Intel, which has been suffering a supply shortage of central processing units (CPUs) from last year, chose Samsung Electronics as its foundry service provider instead of Taiwan’s TSMC, the largest foundry firm in the world. This seems to be a strategic decision not to upset the U.S. government which is strengthening sanctions against Huawei. Accordingly, experts say that Samsung Electronics, which has now secured another mega customer after Qualcomm, NVIDIA and IBM, will be able to become the world's largest non-memory semiconductor company by the year of 2030.

Samsung Electronics’ foundry business division is in the final stage of discussion on manufacturing of 14 nanometer (nm) processors with Intel, according to semiconductor industry sources on June 17. Intel, which has been experiencing CPU supply problems from the second half of last year, seems to have chosen Samsung to secure miniaturization capability and respond to the surging demand. Taiwanese media outlets reported at the end of last year that Intel would consign the production of CPUs to TSMC. However, Intel chose Samsung Electronics instead of TSMC.


Chances are that Intel made the decision consider its CPU market competitor, AMD. After GlobalFoundries, which used to manufacture AMD's chips, put its 7-nm finFET program on hold last year, AMD decided to build all of its 7-nm CPUs and GPUs at TSMC. Intel almost monopolizes the CPU market, but its nerves are on edge as expectations are growing that AMD would expand its market share due to Intel’s delay in miniaturization.
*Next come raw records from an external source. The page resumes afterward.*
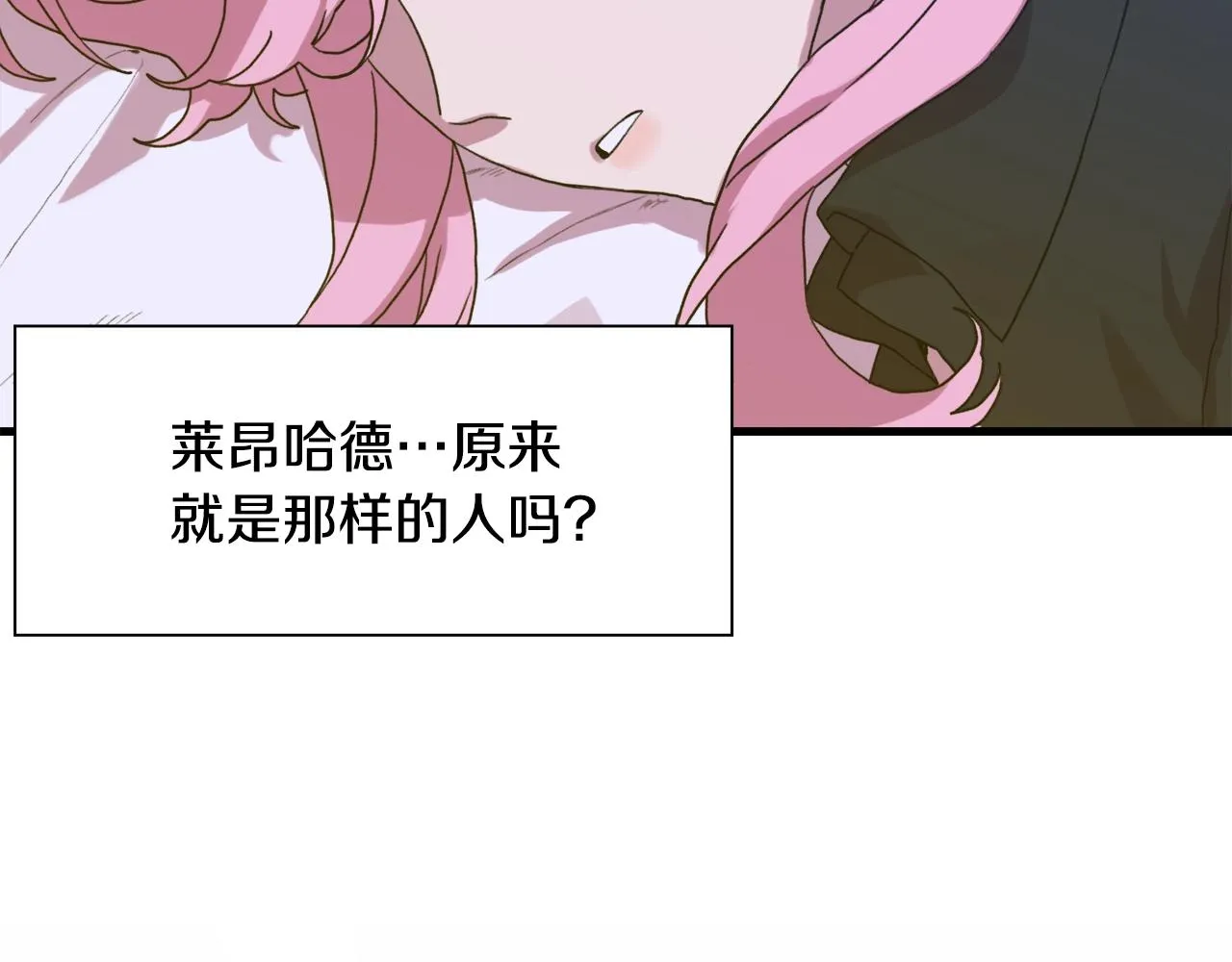 第42话 脱衣服 第74页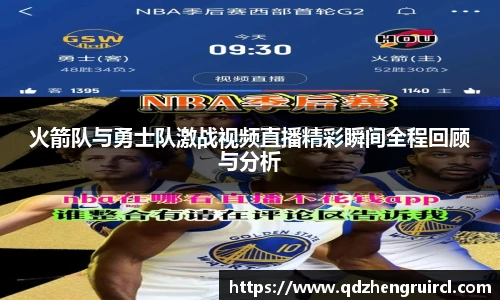 火箭队与勇士队激战视频直播精彩瞬间全程回顾与分析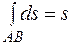 Властивості криволінійного інтеграла І роду - student2.ru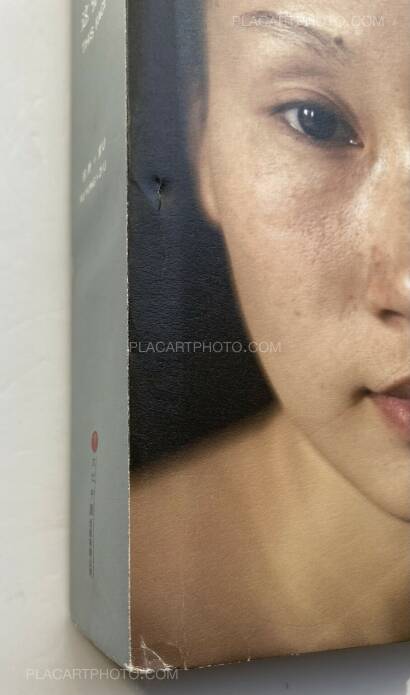 Xu Yong,This Face Xu Yong,This Face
In this regard, some say that it was not easy for Intel, which does not think highly of the performance AMD’s products, to decide to produce its products at TSMC.


The U.S. government’s intensifying anti-Huawei campaign have probably also influenced Intel’s decision. Previously, TSMC, which produces most products of HiSilicon, the semiconductor design subsidiary of Huawei, said it would continue supplying products for Huawei despite the U.S. government's ban on the latter.
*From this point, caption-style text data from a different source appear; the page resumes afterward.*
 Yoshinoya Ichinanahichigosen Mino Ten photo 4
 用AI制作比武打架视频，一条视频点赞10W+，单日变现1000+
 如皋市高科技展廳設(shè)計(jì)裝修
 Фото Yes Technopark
The aggressive sales strategy of Samsung Electronics’ foundry business division probably appealed to Intel. Samsung’s price offer to Intel was reportedly about 60 percent level of TSMC’s. Samsung quoted the cost of full mask sets which were even lower than the multi-layer mask service (MLM) sets that were introduced by TSMC to reduce costs for small quantity production. A mask is a type of films used to draw circuits on a wafer.

Samsung Foundry, which has secured a number of  big customers, is expected to see its performance rapidly improve until next year. In particular, the latest agreement with Intel will contribute to expanding the firm’s foundry sales. This is because the 14-nm process has a long period of maturity unlike the latest 7-nm extreme ultraviolet (EUV) process chosen by Qualcomm and NVIDIA. An official from a semiconductor firm said, “Currently, most sales in the foundry industry come from 10-nm to 14-nm processes. Since yield and performance have been verified, manufacturers can attract many customers with lower costs.”
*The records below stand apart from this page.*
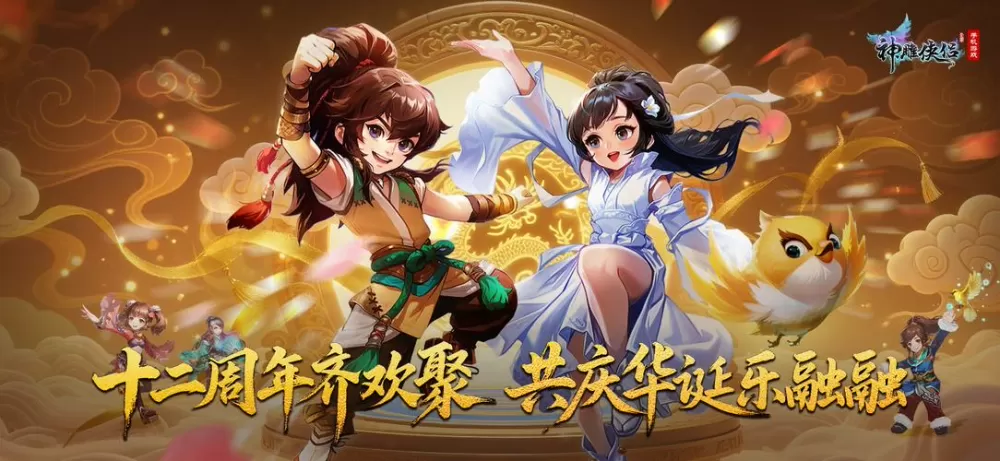 神雕侠侣单机破解版截图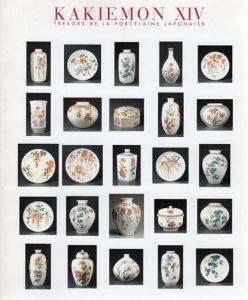 14代　柿右衛門展　Kakiemon 14: Tresors de la Porcelaine Japonaise/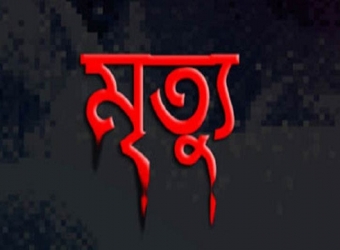 প্রেমঘটিত বিষয়ের জেরে বাকবিতণ্ডা : বৃদ্ধের মৃত্যু 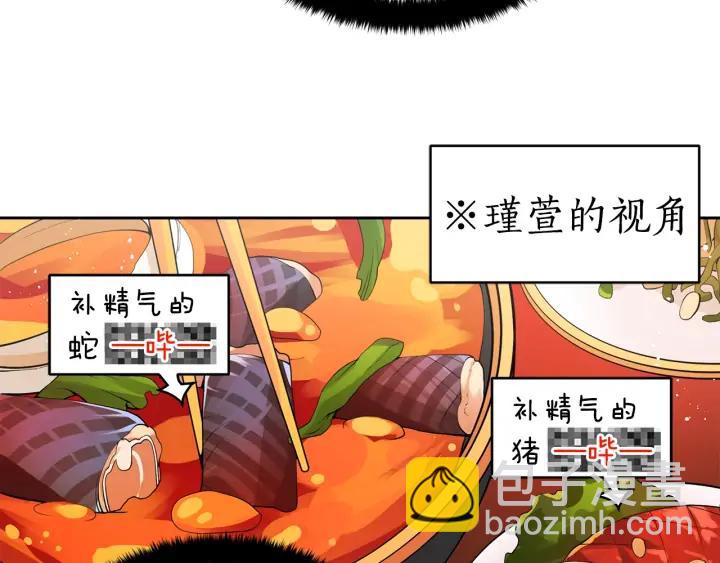 第34话 别买男人，买朕70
Addressing Intel’s problems with CPU supply is highly likely to help Samsung Electronics’ memory business division as well. This is because the price of memory chips plunged in the first half of this year after Amazon and Google postponed investment in data centers due to the delay in supply of server CPUs. The demand for memory chips for PCs is also forecast to pick up when Intel secured an additional capacity of 14-nm production.

In addition, it is worth noting that Intel is a company that competes with Samsung Electronics for top spot in the world in terms of semiconductor sales. Market research firm IC Insights said that Samsung Electronics ranked top in terms of semiconductor sales with US$78.50 billion (93.22 trillion won) last year, followed by Intel with US$69.90 billion (83.01 trillion won). However, it also expected that Samsung with US$63.10 billion (74.93 trillion won) will hand over the throne to Intel with US$70.60 billion (83.84 trillion won) this year because of the sluggish memory market.